和食が自然を尊ぶ日本人の伝統的な食文化として、ユネスコの無形文化遺産に登録されてから2年が経過しようとしている。京都を中心に、大学など高等教育機関において和食に関する取り組みが目立つ。

 京都府立大は7日、「和食文化の高等教育機関開設に向けたキックオフ共同記者会見及びキックオフセミナー」を実施。2014年に設置した京都和食文化研究センターに続き、専門学部・学科を19年度までに開設する動きを発表した。すでに一般教養では和食に関する講義が開講され、募集した定員を超える人気を博しているものもある。
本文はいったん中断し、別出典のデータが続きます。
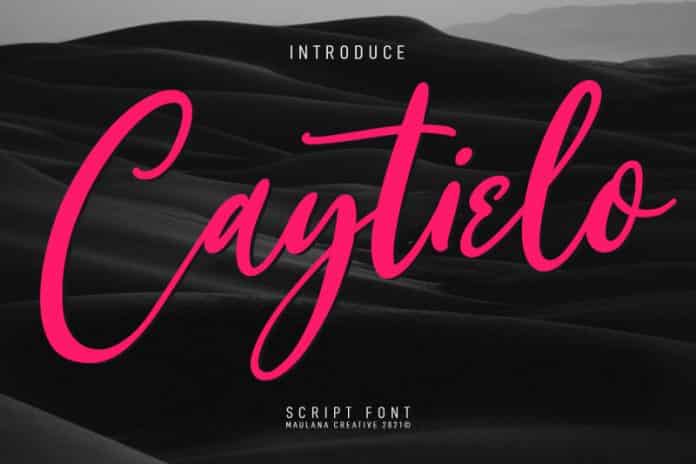 Caytielo – Handwritten Script Font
 「世界的な視野の中で、和食とその文化について学べることが京都府立大の特色」と話すのは同センター長の田中和博京都府立大副学長。「美や技も重要だが、もっと食の基本的な大切さを理解してほしい」という。

 和食は世界的に人気だが、和食の知識を正しく広めることのできる人材を養成する体制が日本には整っていない。立命館大学国際食文化研究センター事務局長の井澤裕司教授は「国際的な観点から日本のよいものを世界に伝えられる優秀な人材を、国が食に関わるビジネスの世界に送り込む必要がある」と指摘する。日本の食製品は世界で高い評価を受けているが、売れ行きや知名度の点では一歩出遅れている。また、和食は発酵など微生物との関係が深く、一部海外では製品を輸入してもらえないという。

 和食に関する講義を受け持つ京都府立大の日比野光敏特任教授は「京都は本物が身近にある。学生だからこそ体験してほしい」と語った。